→ Task to complete:
Output exactly the lines from the first line of the records below through the line containing "Twilight run showing", both included, leaving out any pictures.

→ Given records:
- - - - - - -

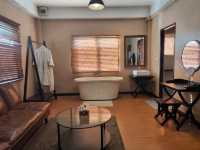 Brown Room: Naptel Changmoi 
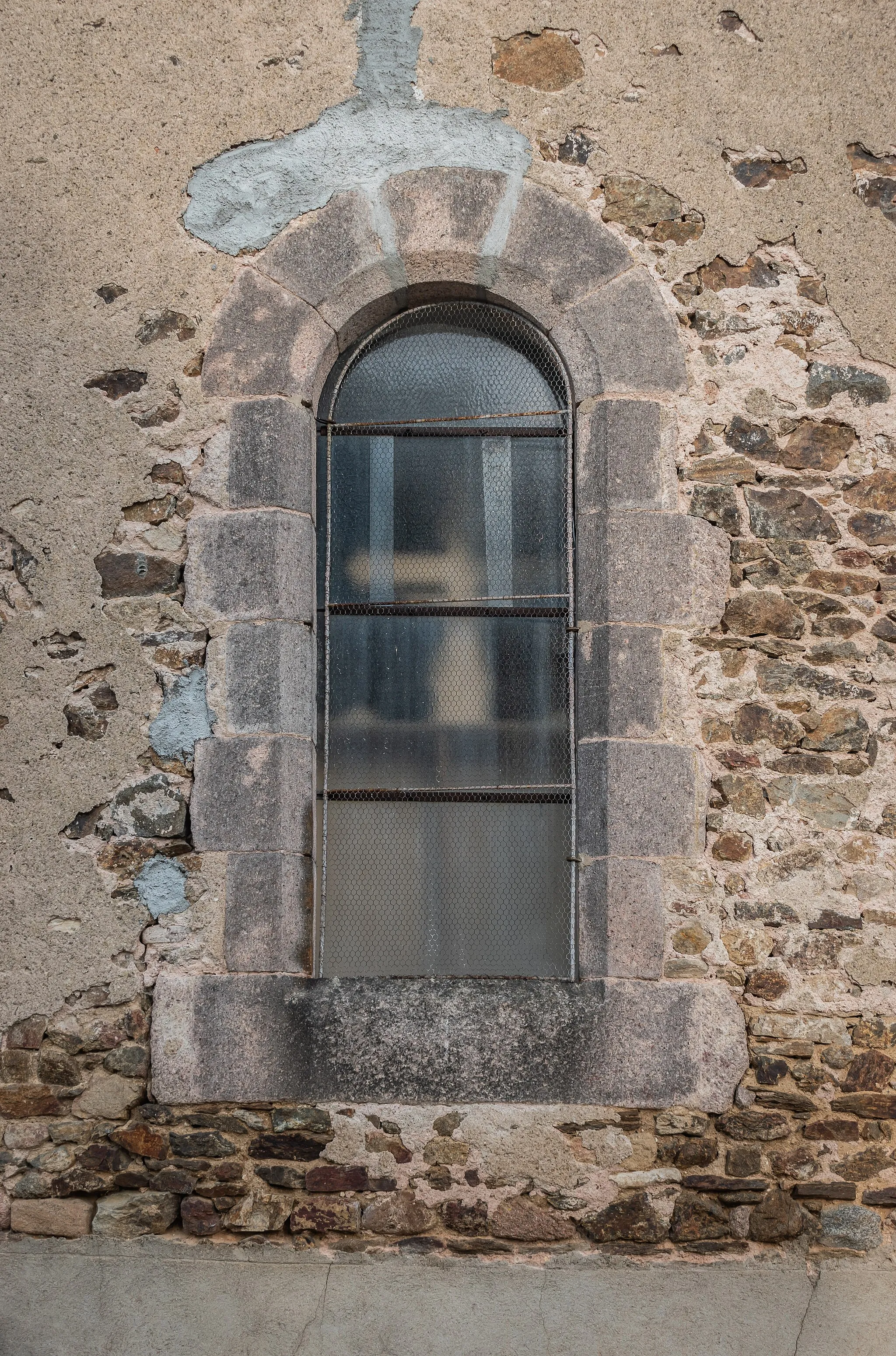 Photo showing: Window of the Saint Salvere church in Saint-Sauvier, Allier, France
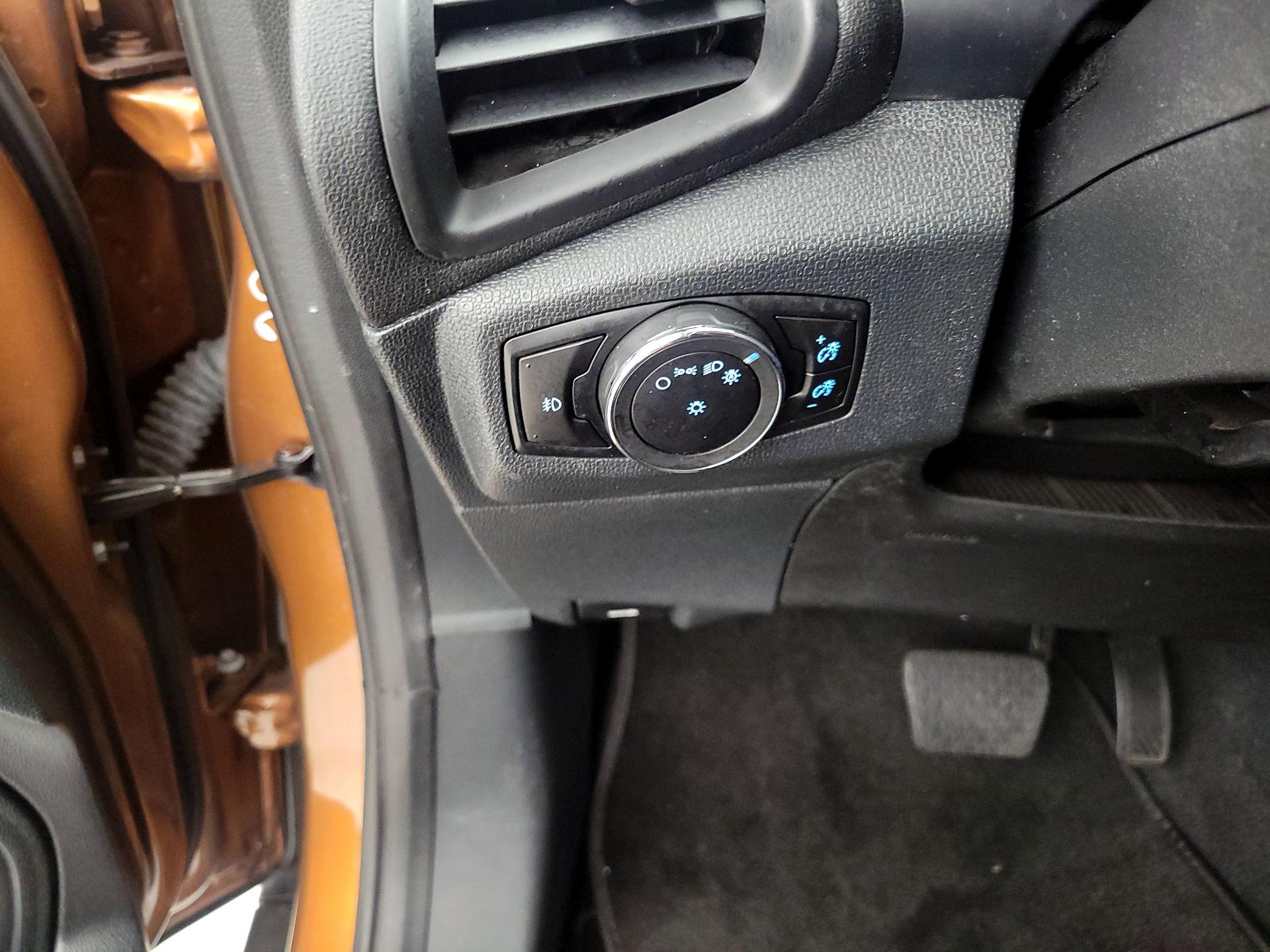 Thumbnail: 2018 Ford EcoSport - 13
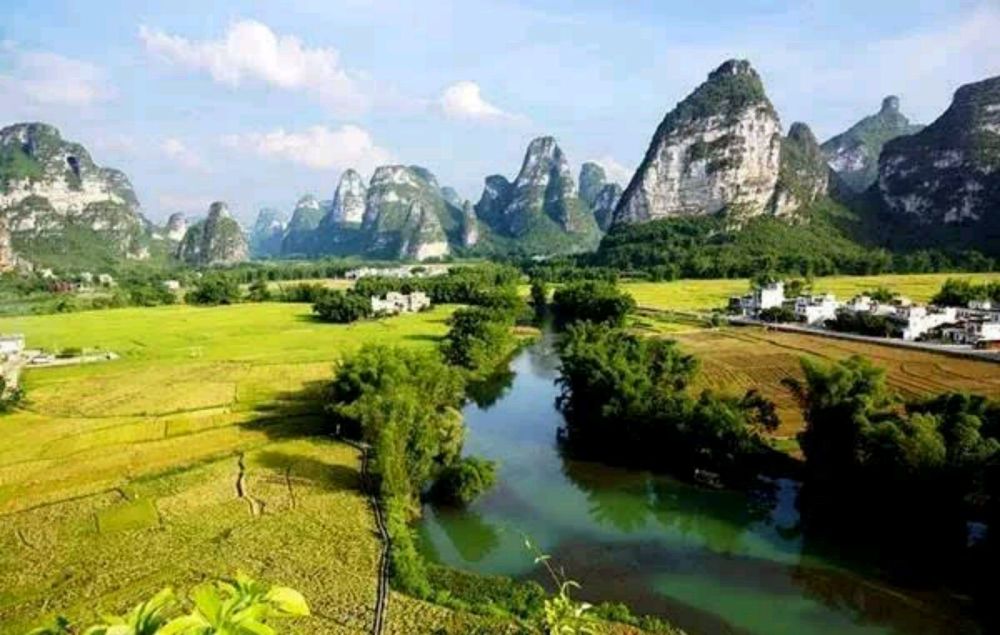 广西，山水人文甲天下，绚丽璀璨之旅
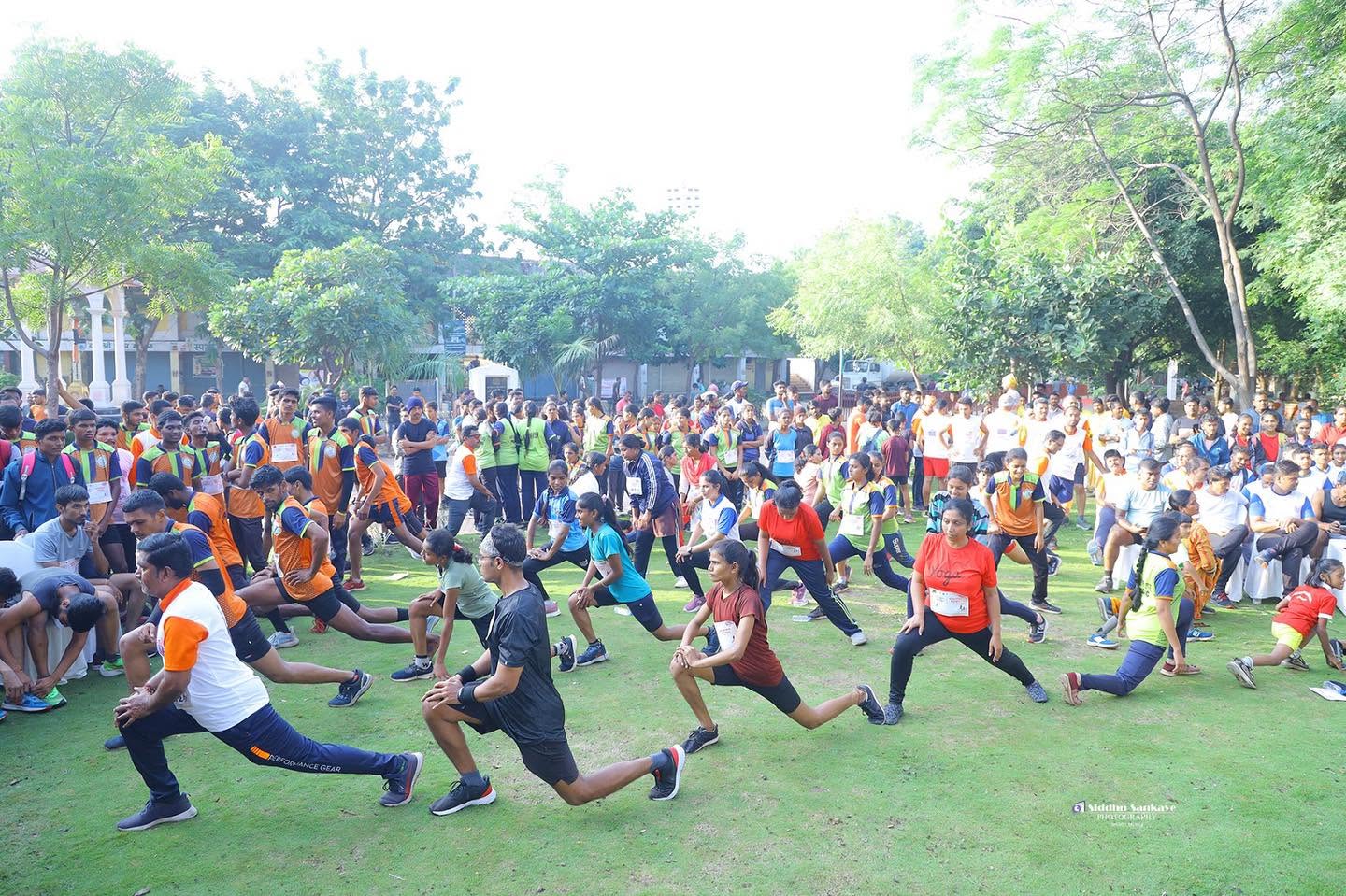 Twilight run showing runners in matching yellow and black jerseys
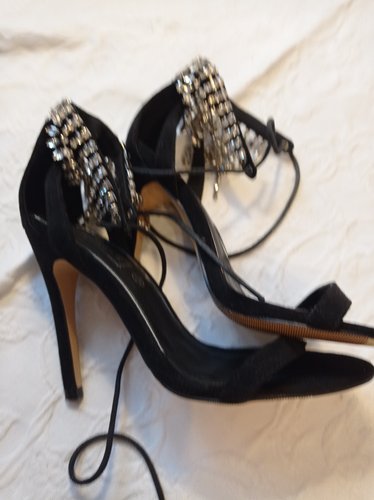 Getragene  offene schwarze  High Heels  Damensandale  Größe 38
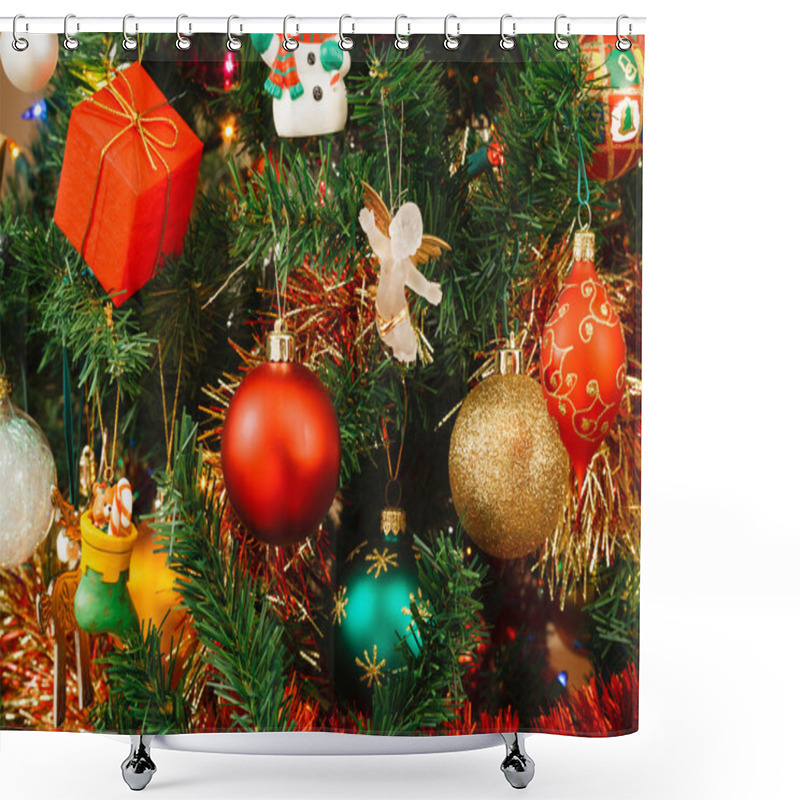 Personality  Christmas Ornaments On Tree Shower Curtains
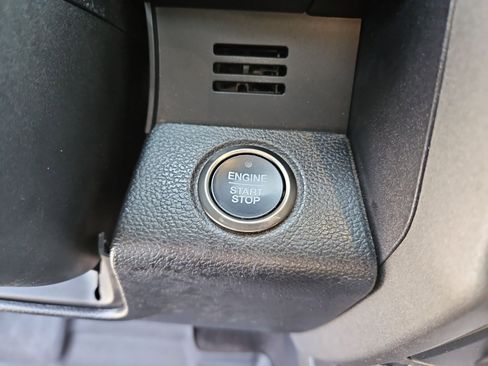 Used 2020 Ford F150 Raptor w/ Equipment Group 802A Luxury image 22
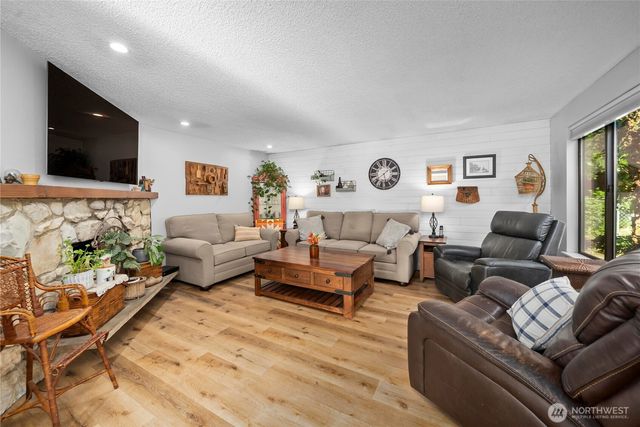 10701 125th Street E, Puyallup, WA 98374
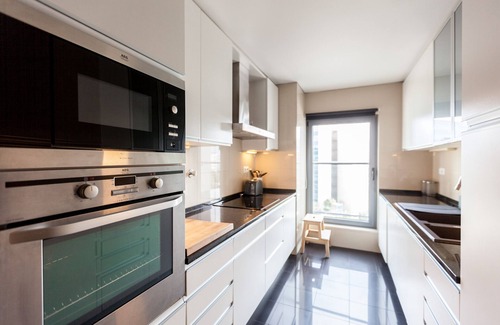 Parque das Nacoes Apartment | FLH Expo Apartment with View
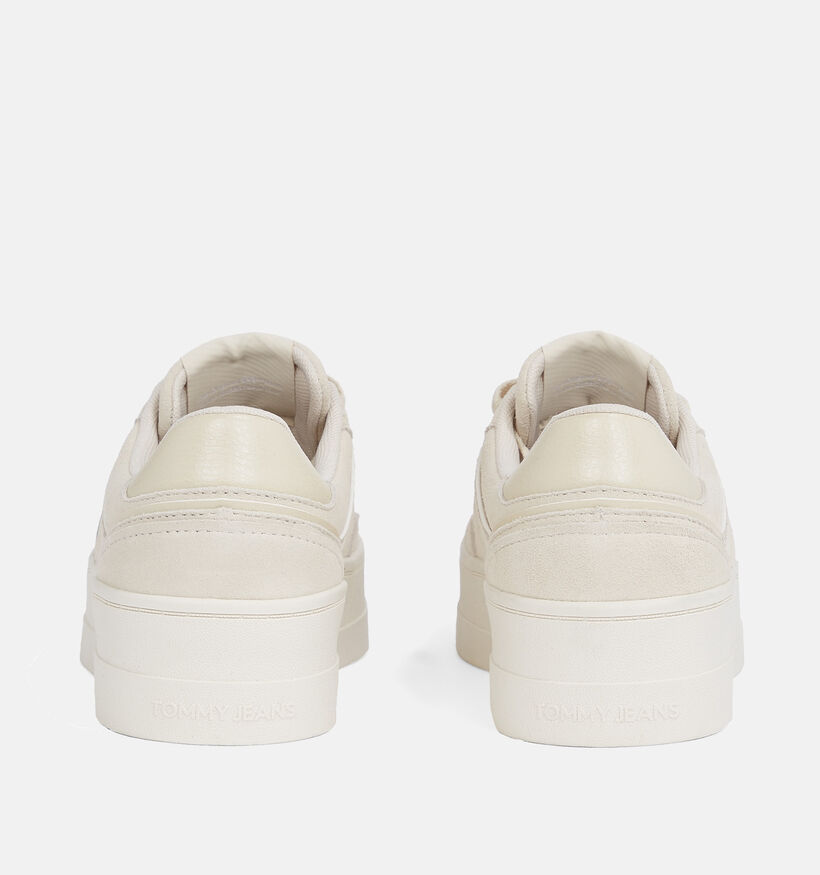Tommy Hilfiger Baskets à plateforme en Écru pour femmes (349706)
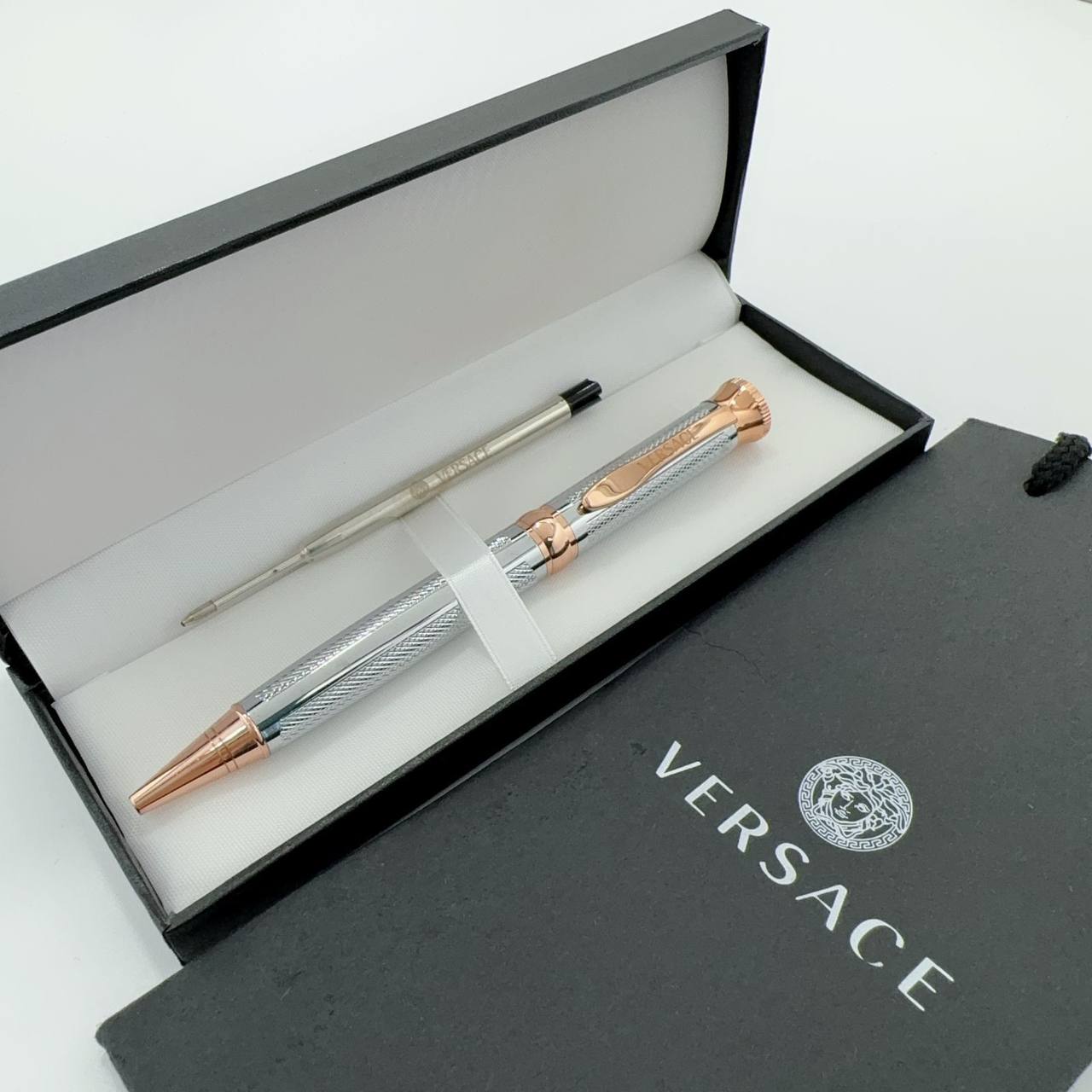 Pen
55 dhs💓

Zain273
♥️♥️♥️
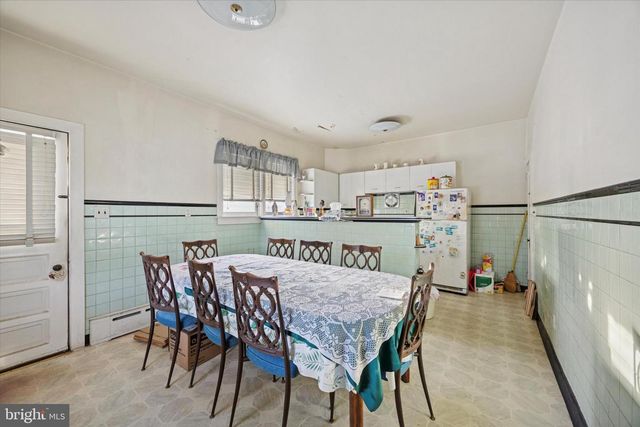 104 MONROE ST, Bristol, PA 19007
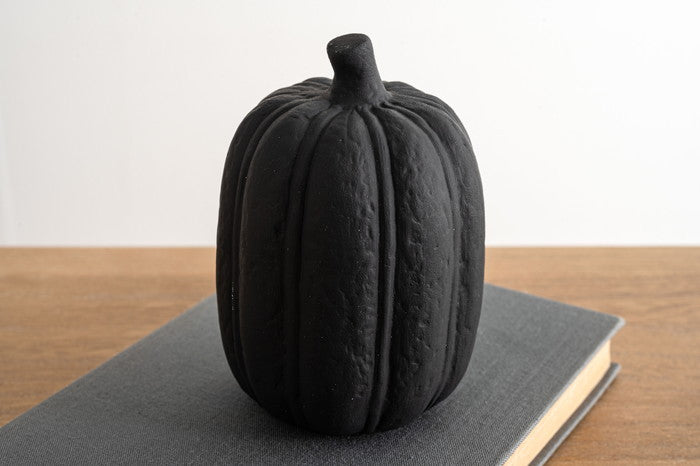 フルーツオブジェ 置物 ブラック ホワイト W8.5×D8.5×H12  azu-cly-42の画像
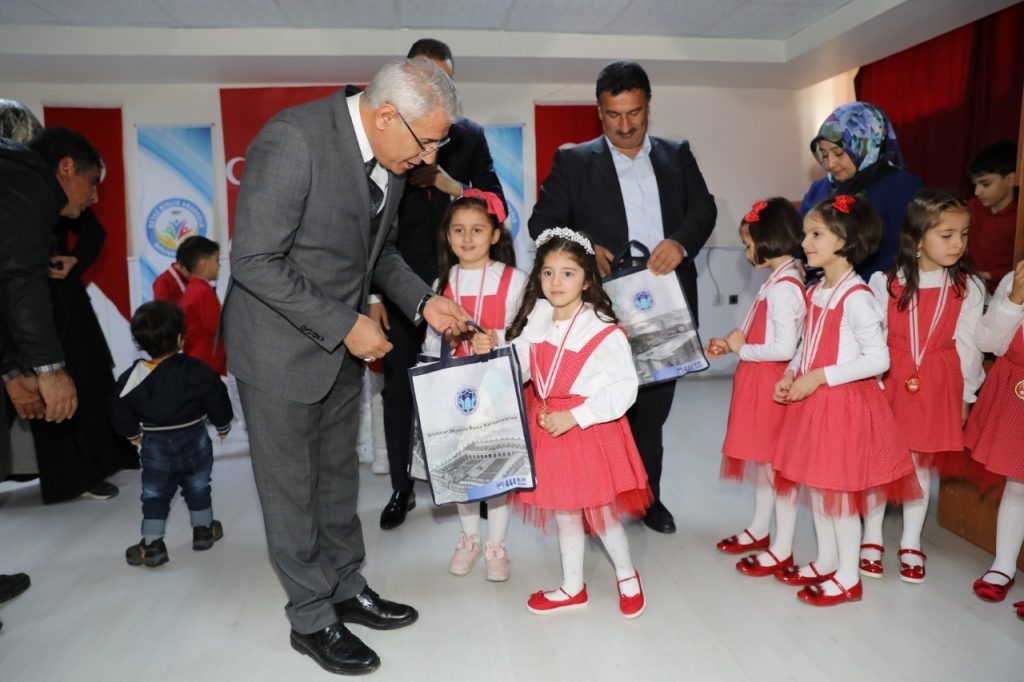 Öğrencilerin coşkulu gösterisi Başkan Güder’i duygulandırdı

- - - - - - -

→ Written answer:
 Brown Room: Naptel Changmoi 
 Photo showing: Window of the Saint Salvere church in Saint-Sauvier, Allier, France
 Thumbnail: 2018 Ford EcoSport - 13
 广西，山水人文甲天下，绚丽璀璨之旅
 Twilight run showing runners in matching yellow and black jerseys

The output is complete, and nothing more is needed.